Sex cannot make him stay. Love can. Sex and love are two different things. I mean, anyone can have sex but making love is special. You are connecting on another level. You fall in love with a person’s mind and who they are. Not how good they are in bed. I believe if a person is crap in bed they can be taught. Females can see a gynaecologist if lady bits aren’t reacting properly. He isn’t going to leave you because you don’t want to have sex! If he does…let him go. What good is a relationship if you cannot even talk about things? What, you just go to his house, lay down and say I love you baby? That’s not a relationship my darling. It is not at all.
- It will be important in a marriage but focus on getting there. Before marriage you are still getting to know each other. (Mummy says you never really know someone until you live with them lol). It is a personal choice to wait until marriage and I am one to think that marriage makes “sex” more special. As a wife, it would mean making a priority of meeting his intimacy needs and saying he is more important than anything else especially when words fail. But as a girlfriend, you are just not there yet. Before you lay down with someone you must feel safe and secure – a feeling that is definitely involved in a marriage and not in a relationship (sometimes). This is simply because you are not ready. You are still learning how to be one. While lovers may naturally relate more deeply and honestly than friends, genital sex is by no means necessary for genuine community.
- You know once you get married, sex dies down because there are other priorities in a family. If sex is what is holding you together and nothing else what happens then? Im sure you might start looking somewhere else to give you what sex gave you. Sex is not love. Love cannot be explained. It differs in relationships. Westerners see sex as something they are supposed to do. Its more than that. Everyone knows about soul ties and soul mates. When you’ve truly made one, they won’t be asking for sex. For anything. All they’ll want is to make you happy. Does sex make you happy? Maybe for 5 seconds or for long you can do it.
- Love is not about meeting your needs. Before sex and even marriage you should see if you meet each other on the intellectual, physical, emotional and spiritual level.
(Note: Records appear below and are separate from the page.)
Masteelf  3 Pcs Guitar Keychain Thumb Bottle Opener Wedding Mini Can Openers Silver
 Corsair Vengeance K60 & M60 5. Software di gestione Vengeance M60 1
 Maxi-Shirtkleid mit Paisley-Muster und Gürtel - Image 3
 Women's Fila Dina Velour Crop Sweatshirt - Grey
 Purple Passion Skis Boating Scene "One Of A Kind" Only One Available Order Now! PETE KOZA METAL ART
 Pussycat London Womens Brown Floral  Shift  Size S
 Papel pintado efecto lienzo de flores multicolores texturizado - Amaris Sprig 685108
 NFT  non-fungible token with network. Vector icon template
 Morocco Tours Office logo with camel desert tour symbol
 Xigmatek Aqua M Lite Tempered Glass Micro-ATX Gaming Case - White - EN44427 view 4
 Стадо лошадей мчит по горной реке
Sex without a relationship will leave you empty and dissatisfied. Those who abstain from having sex weed out those who need just want sex and see those who want a genuine relationship. They want you for you who are, not the pleasure sex gives them. (Guys who lie about sex make me sick. Do not do it. You will have daughters and karma is very much real ^_^)
- It has been reported than those who waited to be in a serious relationship or till marriage to have sex has a satisfaction rating of at least 4.2 out of 5 compared to the 3 out of 5 who didn’t wait. So ha. lol
- Remember, you want love, not lust. True love will wait. True love will be felt emotionally and is not sexual desire. It is this emotion that will create the connection needed to a long lasting and genuine relationship. Sex might not even meet your partner’s needs. What are you going to do then? I have no idea who said that sex was a crucial and high priority matter in relationships. It draws attention away from the things that really matter like friendship, chemistry and communication. Don’t lose focus on why you love someone because of it! Sex won’t fix the problems you are having. It might even add to it.
- There are ways to be intimate without sex. Go out. Explore your minds. Cook together. Gym together. Long walks. Talk about serious things. Communication is key. Can you be with someone you cannot talk to?! Show them you care without touching lol. This isn’t even a joke. I know some of you are thinking I’m talking about rubbish.
- If you’re looking for something to last a lifetime, than basing sex as a very important factor in your relationship is not good. Very few keep the sexual pace up through their marriage. Everyone hits lulls and sex does drop off in frequency as the years go by. Love and sex are not the same thing; this is something some people never learn. Sex without love is just physical. Love without sex can be pure, spiritual and true. But sex with someone you love unequivocally, can be gentle and tender, hot and wild, comfortable or simply sublime. And don’t ever forget that the most important sexual organ is the brain.
- It’s those relationships that are heavily based on sex that usually don’t wind up making it for very long. That’s because that while sex is an “important” part of a relationship, in the end it’s how you navigate the bad times that really define how strong your relationship is. Too many people are willing to bail when bad times happen because it’s easy to fix with a legal procedure and piece of paper, and sex is readily available elsewhere. In fact, over time if your relationship is based heavily on sex the boredom factor alone tends to lead people to cheat or split up, because they have no other solid foundation.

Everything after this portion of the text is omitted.